Since the very beginning of the American republic the founders of the United States insisted on a short series of amendments to that nation’s constitution in order to protect critical areas of personal liberty and freedom from being infringed or stepped on by the power of their newly created federal state.
In particular, the First Amendment to the Constitution forbids the U.S. Congress to prohibit the free exercise of religion. The Constitution also forbids the establishment of an official State church, as was and continues to be the case in many European nations.
The reasons for the enactment of the First Amendment had a lot to do with the historical reasons many people hazarded their lives in the struggle to create new homes and communities in the original 13 colonies of British North America in the first place. People wanted to escape State coercion in all matters of the conscience and its peaceful expression in religious matters. They wanted to be able to live their lives without Big Brother, the State, telling them what they had to do religiously.
There was a certain tension at that stage of development in the history of Western Civilization as the Founders of the United States tried to balance what Conrad Black called “Faith” and “Reason” in his recent excellent National Post column on this subject:
The central struggle, in France [during its Revolution] and in most of the West, was over the role of the state, and more generally, over the cohabitation in Western civilization of the forces of Faith and the forces of, broadly speaking, Reason (http://fullcomment.nationalpost.com/2012/08/03/conrad-black-church-state-and-barack-obama/ accessed Aug. 3, 2012).
This balanced point of view was, for the most part, embraced by Americans and other modern democracies until the Rise of the Faith of Militant Secularism, beginning in the 1960s. Now, many zealous secularists not only want any reference to the Bible’s God removed from public sphere, including state and community institutions like schools, but they also want to coerce private businesses and religious institutions who still have a worldview informed by the Divine Narrative rather than by the new Secular Narrative of political correctness.
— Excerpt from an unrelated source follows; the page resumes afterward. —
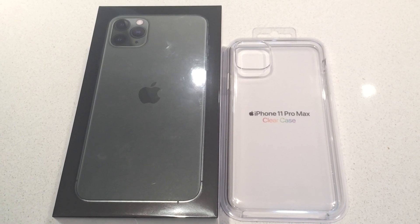Hello there YouTube. Today we are going to be unboxing the iPhone 11 Pro Max and the clear case. The model of the iPhone 11 Pro Max is 256GB and the color is midnight green. Let's begin unboxing the iPhone.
It is not enough now to just “live and let live” or “you do your thing while I do my thing.” Now the secularist zealots want to force the religiously minded to knuckle under, accept, and conform to their flavour-of-the-day, politically correct dogmas—especially on anything touching sex and the family.
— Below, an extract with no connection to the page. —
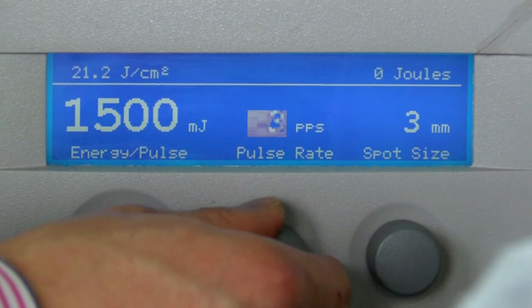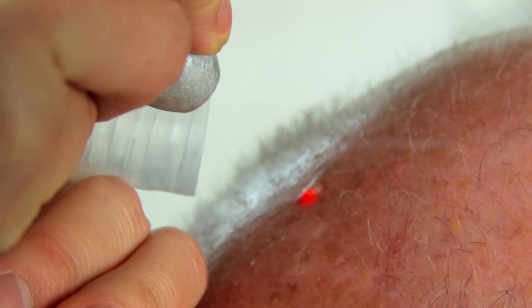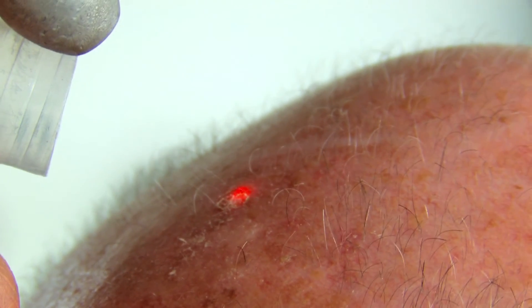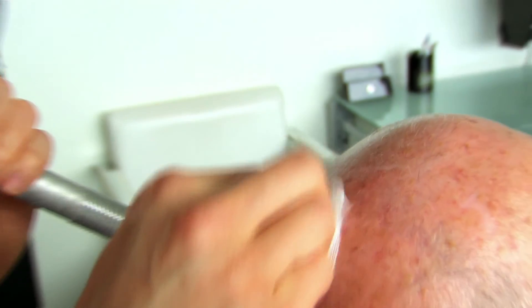Primarily for laser skin resurfacing nowadays we use the carbon dioxide laser and often finish with a few passes of the Erbium as a final polish. But one of the main reasons we use the Erbium laser nowadays is removal of lumps and bumps from the skin. The Erbium laser literally shaves very fine layers of skin with each pass, and by doing so we can actually shave down a mole or a lesion on the skin to be flush with the skin level.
The militant secularists are, in essence, seeking to establish a new coercive State Church of Materialism that will require everyone to bow down before their idolatrous altar of Political Correctness while they teach humanity to worship themselves as the only true gods who can decide what is good and evil.
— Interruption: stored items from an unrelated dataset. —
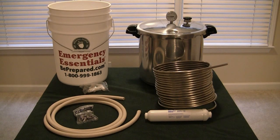Hello folks, today I'm going to attempt to show you how to make a water distiller using a pressure cooker, a stainless steel coil, a 6 gallon bucket, a carbon filter, and some norepine tubing along with some miscellaneous fittings.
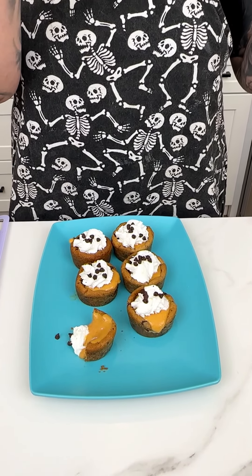Chocolate chip, pumpkin, pumpkin spice whipped cream — delicious. Enjoy! Really, really good.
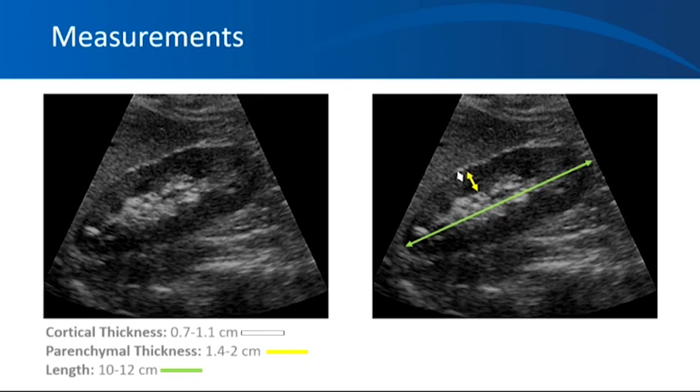Important measurements to take: when you freeze the screen in the longitudinal view of the kidney, there are three important measurements to consider. The first is the length of the kidney, which is the greatest pole-to-pole distance in the sagittal plane. It has poor precision, so this measurement should be performed several times. You must try to get the maximum length of the kidney in view — even for a six-foot-tall patient, you might measure around nine centimeters, which is probably not accurate, so you need to capture the whole kidney and its longest possible dimension.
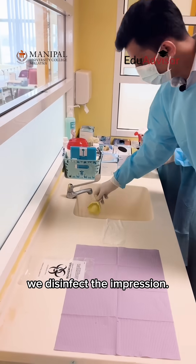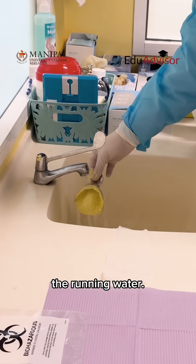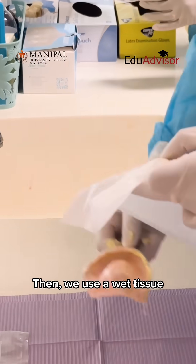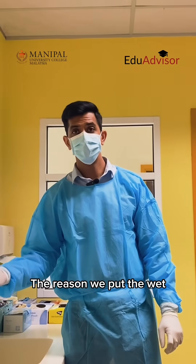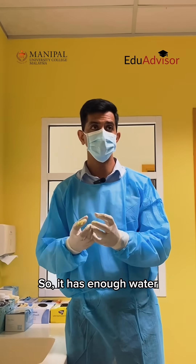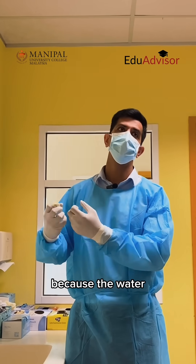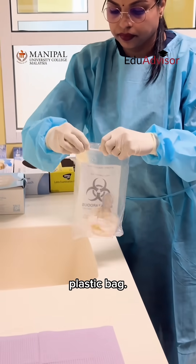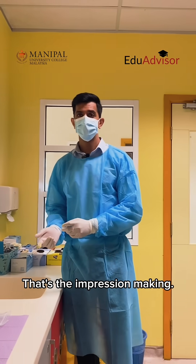After we've done that we disinfect the impression like this, wash it under running water. Then we have the dental assistant who would put a disinfectant for us. Then we use a wet tissue to cover it up nicely. The reason we put the wet tissue paper on top is so that it doesn't get dry — it has enough water to hold on for some time. But as it goes on it starts shrinking because the water starts dissipating out of the impression. Place it inside the plastic bag, and that goes to the dental lab. So yeah, that's the impression making.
As Conrad Black put it in his column “Church, State, and Barak Obama,”
The Enlightenment, the coruscation of the Age of Reason, implied that the whole concepts of divinity and of spirituality were, to say the least, questionable, and that each day, as the march of empirical knowledge progressed, the plenitude of knowledge was being approached. While God was a dodgy concept, man might be perfectible (man as God), and, though a heavenly paradise was a superstitious or wishful confection, an earthly paradise might be attainable by the implementation of a political program.
The religiously minded, of course, are resisting this political program in usually peaceful ways at present. This conflict is sometimes labeled, the “Culture Wars.”
Evidence to back up this assertion? In the United States consider the struggle by the U.S. Catholic church and other churches to resist the Obama administration’s mandatory health insurance policies that demand religious institutions—not withstanding their long-standing moral opposition to these types of birth control procedures and abortion-inducing drugs— to offer and pay for such “benefits” for their employees.
Or consider the secularists outrage when Chick-fil-A restaurant chain president Dan Cathy told the Baptist Press in July that the company was “guilty as charged” for backing “the biblical definition of a family.” Secular rights activists and others called for a boycott and put pressure on some municipal politicians to not approve new Chick-fil-A outlets in their cities.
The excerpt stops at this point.